COLLECTED DATA
◇ ◇ ◇ ◇ ◇

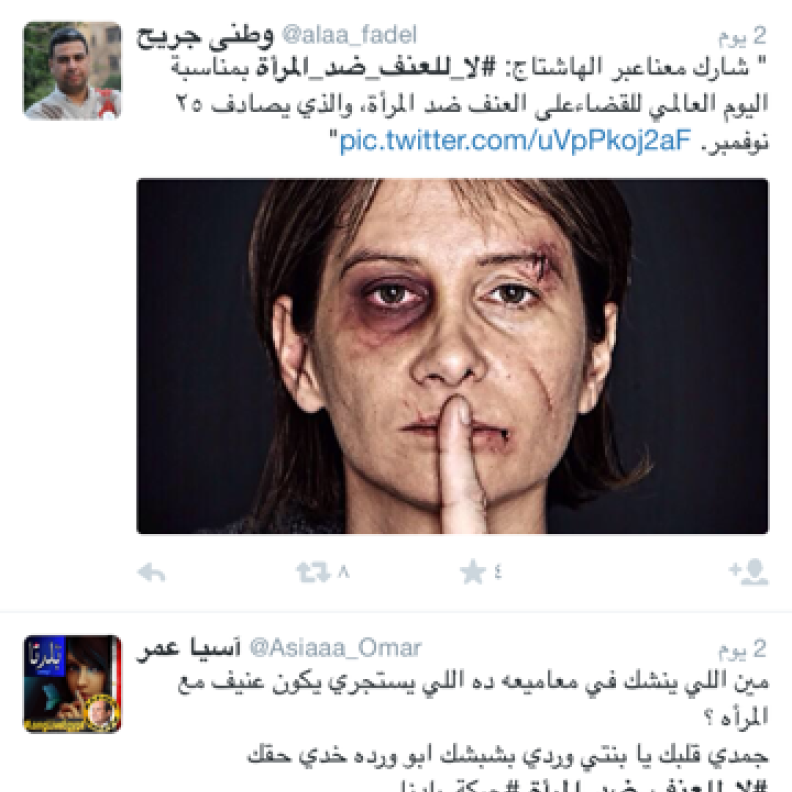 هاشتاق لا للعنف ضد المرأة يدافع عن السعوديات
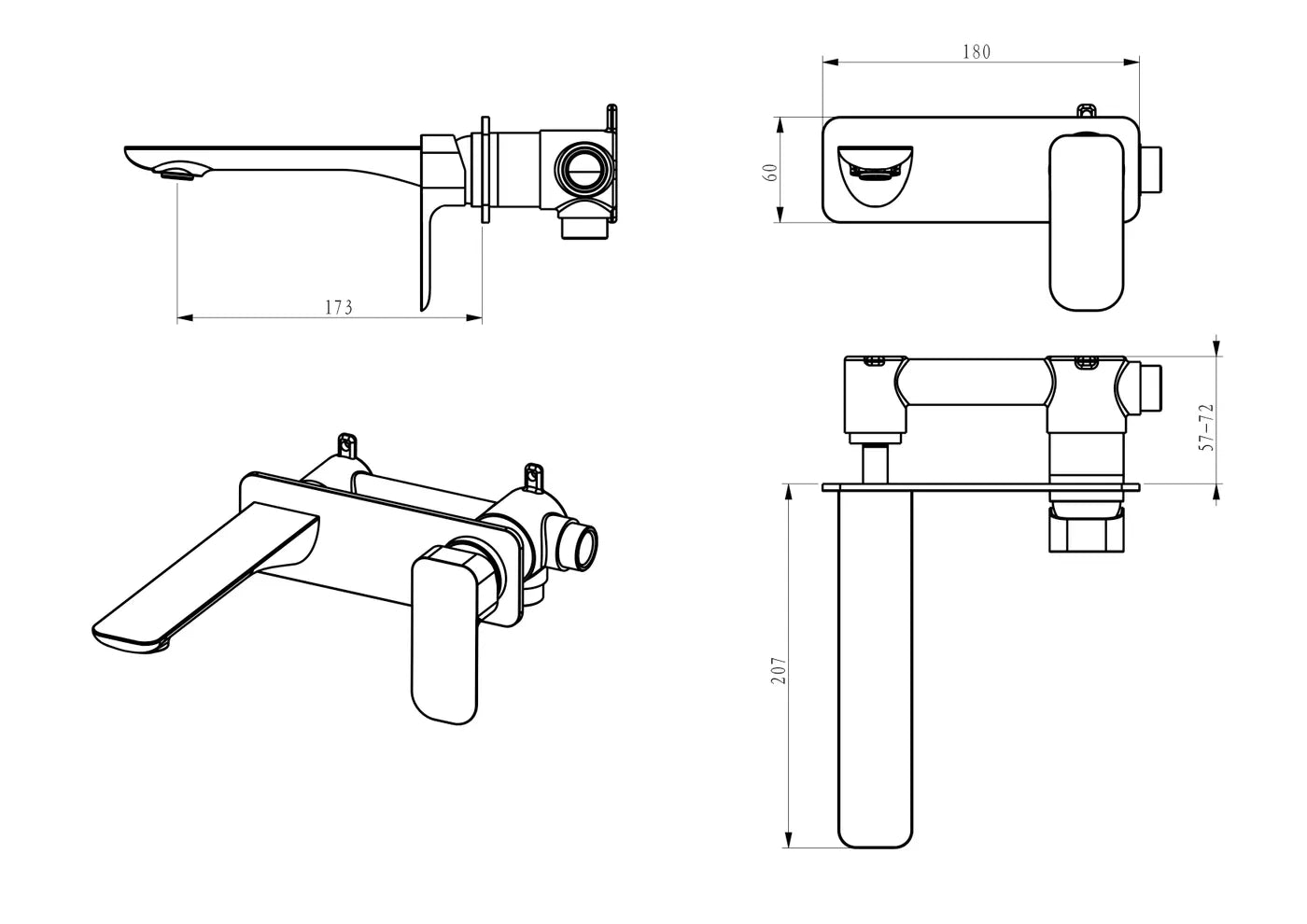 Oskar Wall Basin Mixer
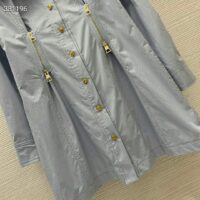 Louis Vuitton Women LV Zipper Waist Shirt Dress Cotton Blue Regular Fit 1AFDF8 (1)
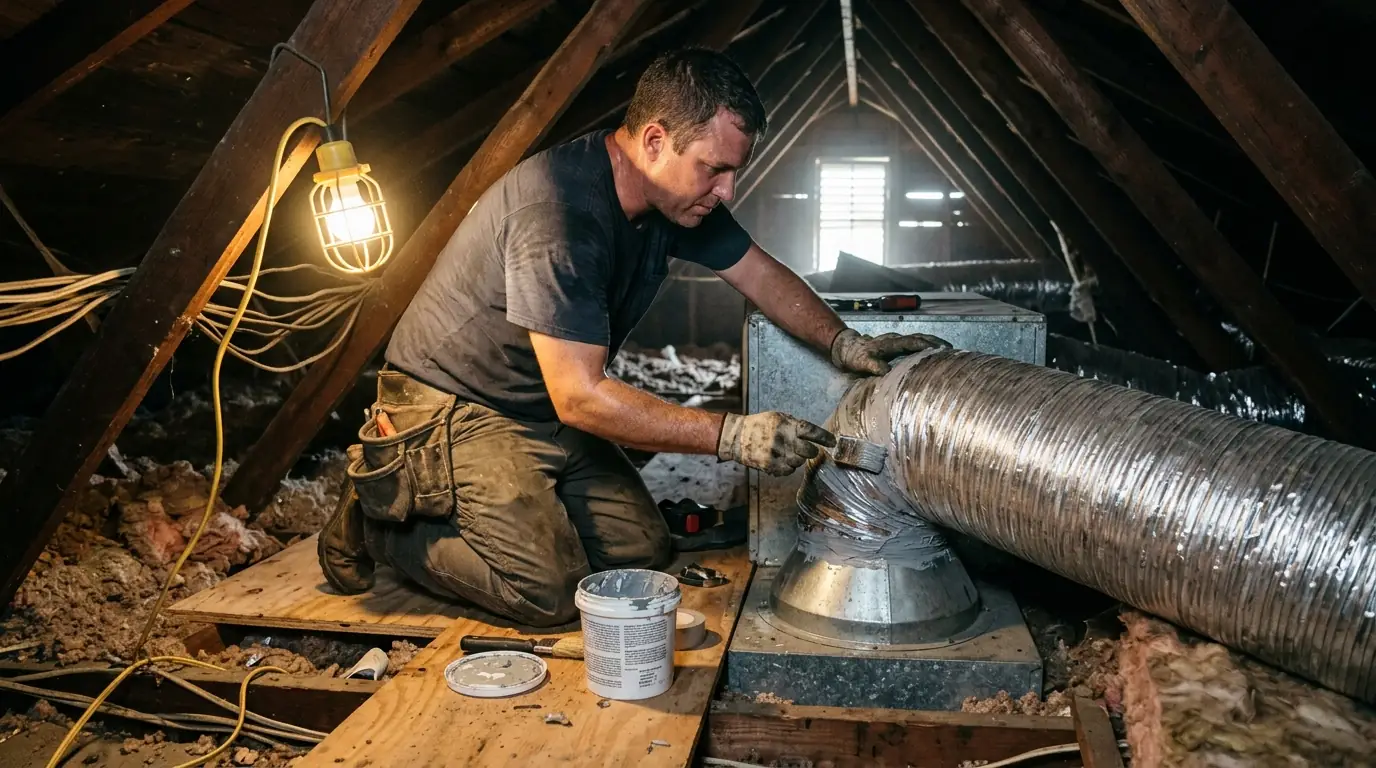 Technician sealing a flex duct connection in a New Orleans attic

◇ ◇ ◇ ◇ ◇

Return the listing above word for word. Keep the images out.

FINISHED EXERCISE
 هاشتاق لا للعنف ضد المرأة يدافع عن السعوديات
 Oskar Wall Basin Mixer
 Louis Vuitton Women LV Zipper Waist Shirt Dress Cotton Blue Regular Fit 1AFDF8 (1)
 Technician sealing a flex duct connection in a New Orleans attic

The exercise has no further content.